Perry chuckled. “God, I’ve missed you around here, Kent.” He indicated that Clark should sit down before taking his own seat. “Before Luthor kindly graced us with his presence and bail-out,” he said, handing a piece of paper over to Clark. “Ralph had brought me this. He said he heard about it through one of his sources.”

Clark scanned it. It was a rough, rough draft… oh, wait; it was a Ralph Spagoda story… about a computer virus that had infected EPRAD around the time of Nightfall corrupting all their asteroid projection data. Clark’s eyes snapped up to Perry. “This is Lois’s story,” he said.

“Now, that I can believe. I mean, I know she didn’t write that, but… you know what I mean. Why didn’t you bring this to me?” his boss asked.

Clark cleared his throat. “First of all, it was Lois’s story, something she was working on around the time Laderman broke out of jail. Last I heard, the story had hit a wall.
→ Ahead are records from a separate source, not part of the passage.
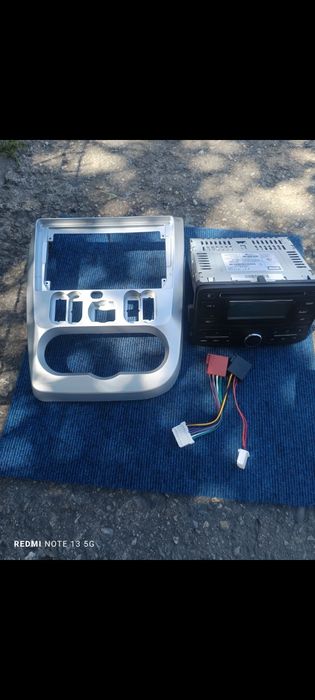 Radio CD Dacia cu boxe originale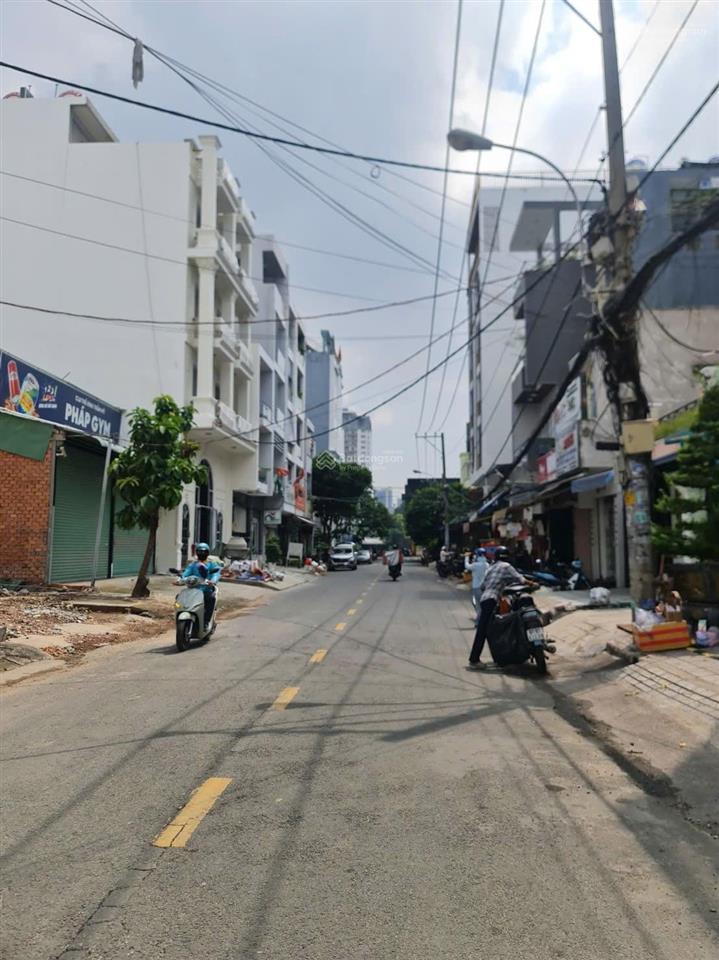 Chdv mặt tiền đường phan huy thực, dt 4x18m, 1 hầm trệt, lửng, 3 lầu, sân thượng, 11 phòng, tn 55tr
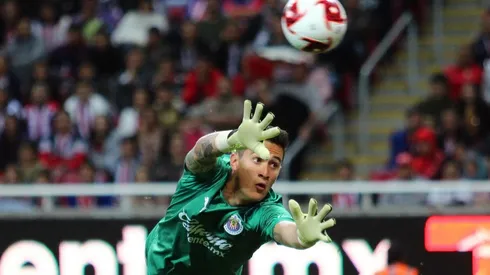 Gudiño se ha atornillado en la titularidad del arco de Chivas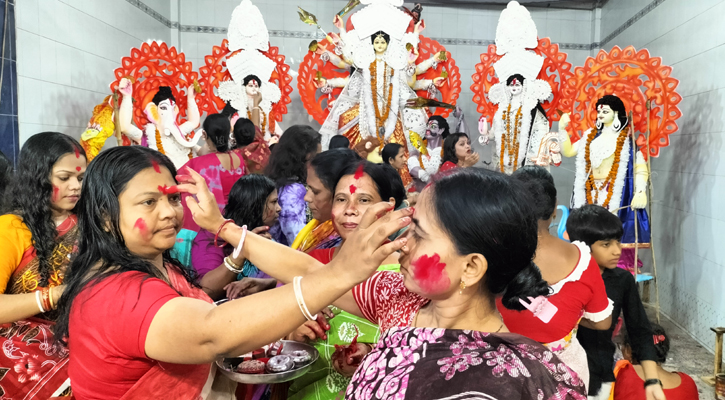 মণ্ডপে মণ্ডপে সিঁদুর খেলায় মেতেছে হিন্দু ধর্মাবলম্বী নারীরা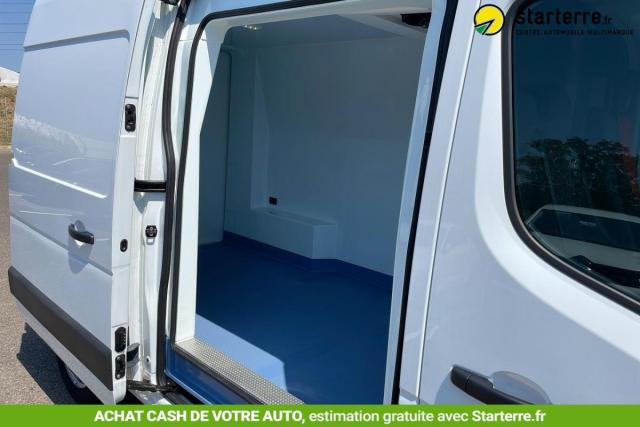 Renault Master image 8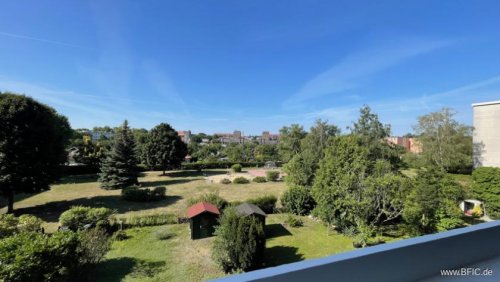 Berlin Wohnungen traumhafter Ausblick: Wohnung mit Süd-Balkon im 5. OG im Englischen Viertel, derzeit vermietet Wohnung kaufen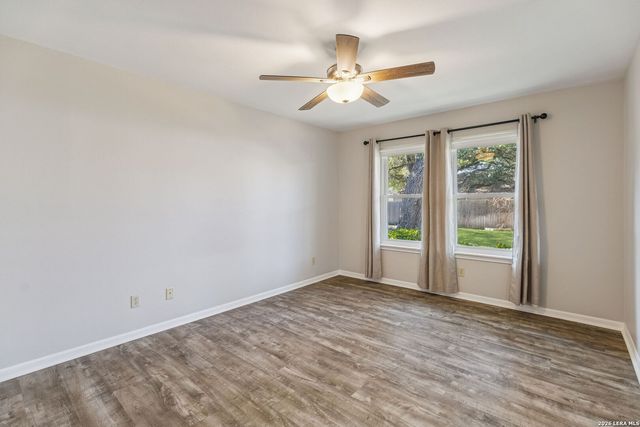 138 Oak Grove Dr, Boerne, TX 78006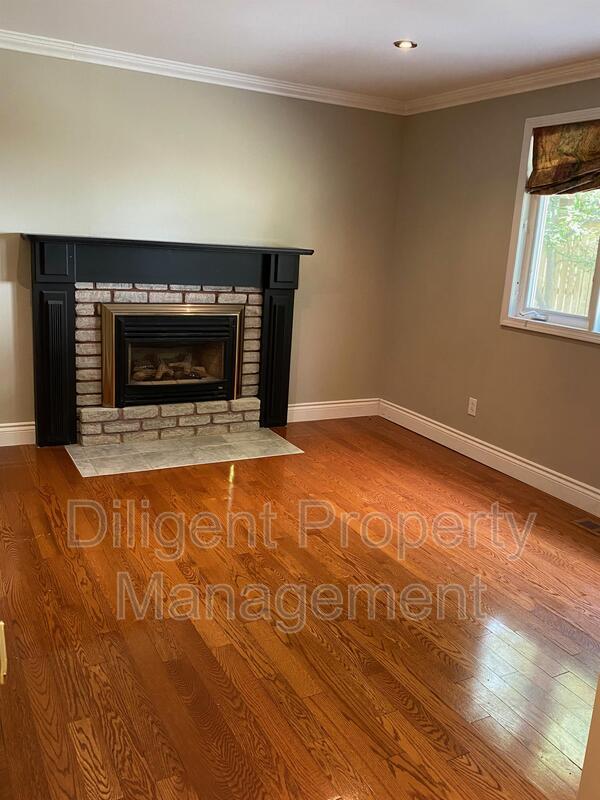 1219 Cartier Blvd in Peterborough, ON - Building Photo - Building Photo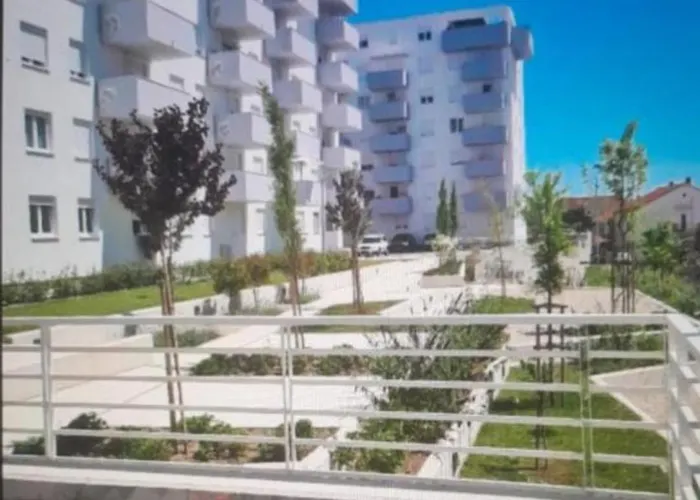 Апартаменты Alexandre Задар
She needed to travel to London to check something out, but she couldn’t leave the country with charges pending. She didn’t tell me all the details. How did Ralph stumble onto it?”

Perry shook his head. “I don’t know. He won’t say. ‘Confidential source’ and all.” He didn’t sound as if he bought Ralph’s version of the events.

Jimbo knocked before sticking his head into the office. “Sorry, Chief. Ralph’s already left for the day.”

Perry swore under his breath. “Lois must have been working on this EPRAD story with someone. Jimbo, call Jimmy in here,” he ordered.

Jimbo stood there as if frozen.

“Jimbo!” Perry roared.

“What EPRAD story?” the intern asked, his voice wavering.

Clark and Perry turned to face him at the same time.

“What do you know about this?” Perry asked, waving the kid inside.

Jimbo swallowed, entered, and held up his hands. “Nothing. I know nothing.”

Perry crossed his arms and scowled. “Was it about a computer virus?”

Jimbo melted. “I didn’t see a virus. Lois asked me to look into a program she had gotten somewhere, but it was just a spreadsheet of Nightfall’s progress. She said it was something hush-hush, government-toppling stuff.” He rolled his eyes. “But you know, Lois. All her stories are that important.” He cleared his throat. “This one actually was. I kind of hoped it would end up in the circular file due to its ramifications.”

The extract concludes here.